The world of tennis is sometimes described as "exclusive," but a young player is breaking through those barriers to become one of the most talked-about players in the sport. Tennis star Naomi Osaka is only 20 years old and is already a global phenomenon, defeating her lifelong idol Serena Williams in the first round of the Miami Open in March and earning nearly $2 million in prize money so far this year, according to the Bleacher Report. According to Fortune, Osaka is currently the youngest woman in the world’s top 20 tennis players.
But it isn’t just Osaka’s amazing tennis skills that are captivating global audiences. According to The New York Times, Osaka is half-Japanese and half-Haitian. She was born in Osaka, Japan, says The New York Times, but grew up in the United States. She plays not for the U.S., though, but for Japan. That’s a big deal for Japan, which has not always been welcoming to multi-racial people as representatives of the country, reports The New York Times. “I hope that she’s changed cultural perceptions of multiracial people in Japan,” Stuart Duguid, Osaka’s agent at I.M.G., told The New York Times. “I hope she’s opened the door for other people to follow, not just in tennis or sports, but for all society. She can be an ambassador for change.”
Although Osaka is now Japan’s highest ranked female player in more than a decade, the decision to play for Japan hasn’t comes without challenges, Fortune reports. According to The New York Times, “the decision to play for Japan has had major repercussions in Osaka’s life, from the way she is perceived in Japan and the United States to the size of the endorsement contracts she can now command as a top Japanese athlete ahead of the 2020 Olympics.” Osaka has deals with Adidas, Yonex, Nissin, and Japanese TV outlet Wowow. She also just announced a multiyear deal in which she will become a global brand ambassador for watch brand Citizen, Sports Business Daily reports. Despite these endorsements, and Osaka's skill on the court, Nao Hibino, a 23-year-old Japanese tennis player, told The New York Times that she finds it difficult to see Osaka as a Japanese player because Osaka looks so different from other Japanese players, and because she isn’t completely fluent in Japanese.
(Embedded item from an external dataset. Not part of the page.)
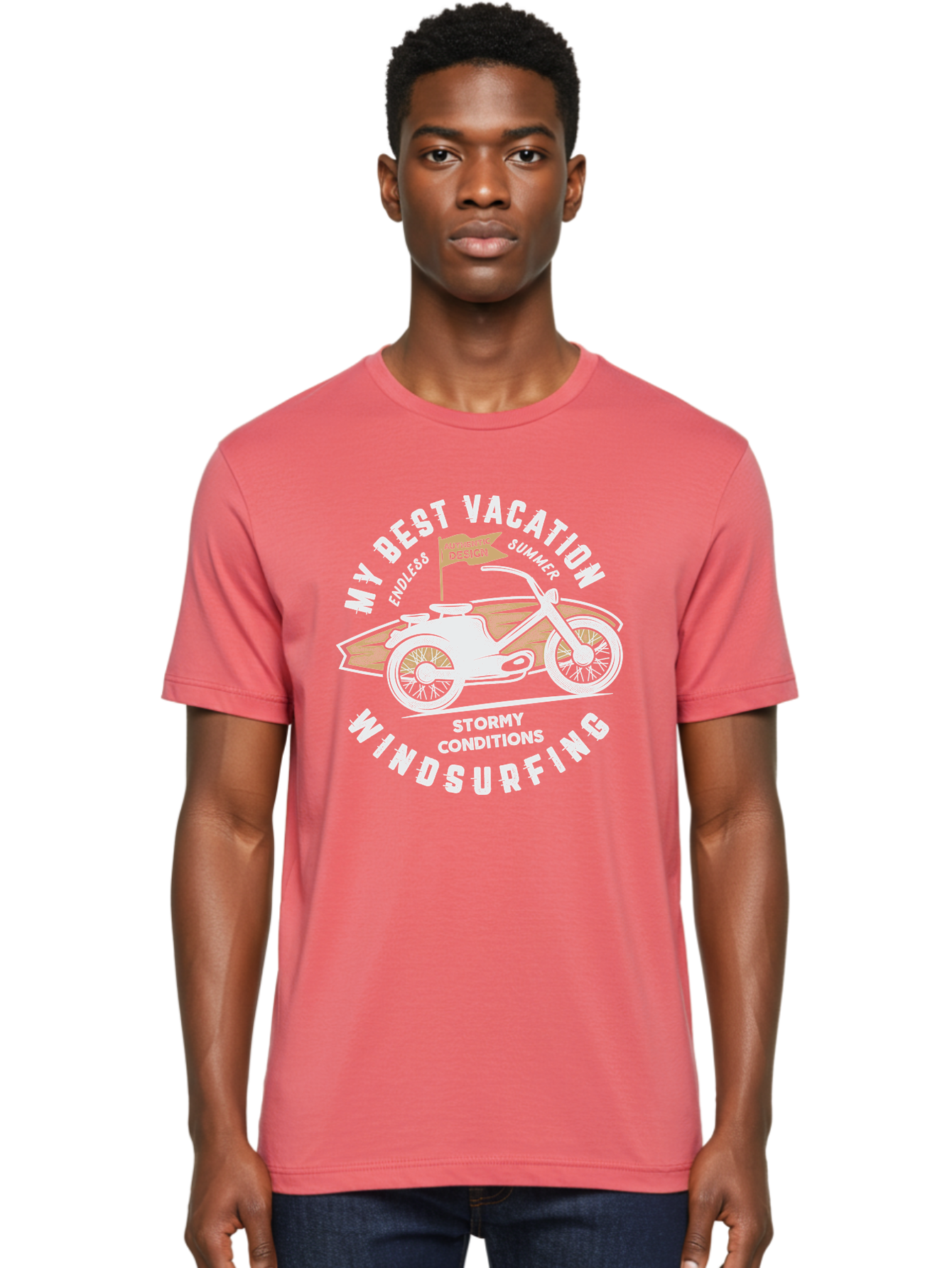 My-Best-Vacation Men'S Graphic Tee, 100% Cotton, Comfortable Casual Summer Wear, Machine Washable, Motorcycle Graphic, Vacation Summer Vibes, Windsurfing Adventures, Stormy Weather, Endless Summer Fun, Authentic Design Elements, Aab945 20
It's the way Osaka is handling this success — and the response to it — that's catching everyone's attention. You'd think beating your idol would be cause for celebration, but the Bleacher Report says you’re most likely to hear a healthy dose of modesty from the tennis star. Osaka actually apologized for beating Serena Williams, telling the Bleacher Report, “I just feel it’s something I’d have to be apologetic about. I still want Serena and Venus to be the main guys.” Osaka’s own announcement on Instagram after the match with Williams was a candid photo of the two shaking hands with the simple caption: “Omg.”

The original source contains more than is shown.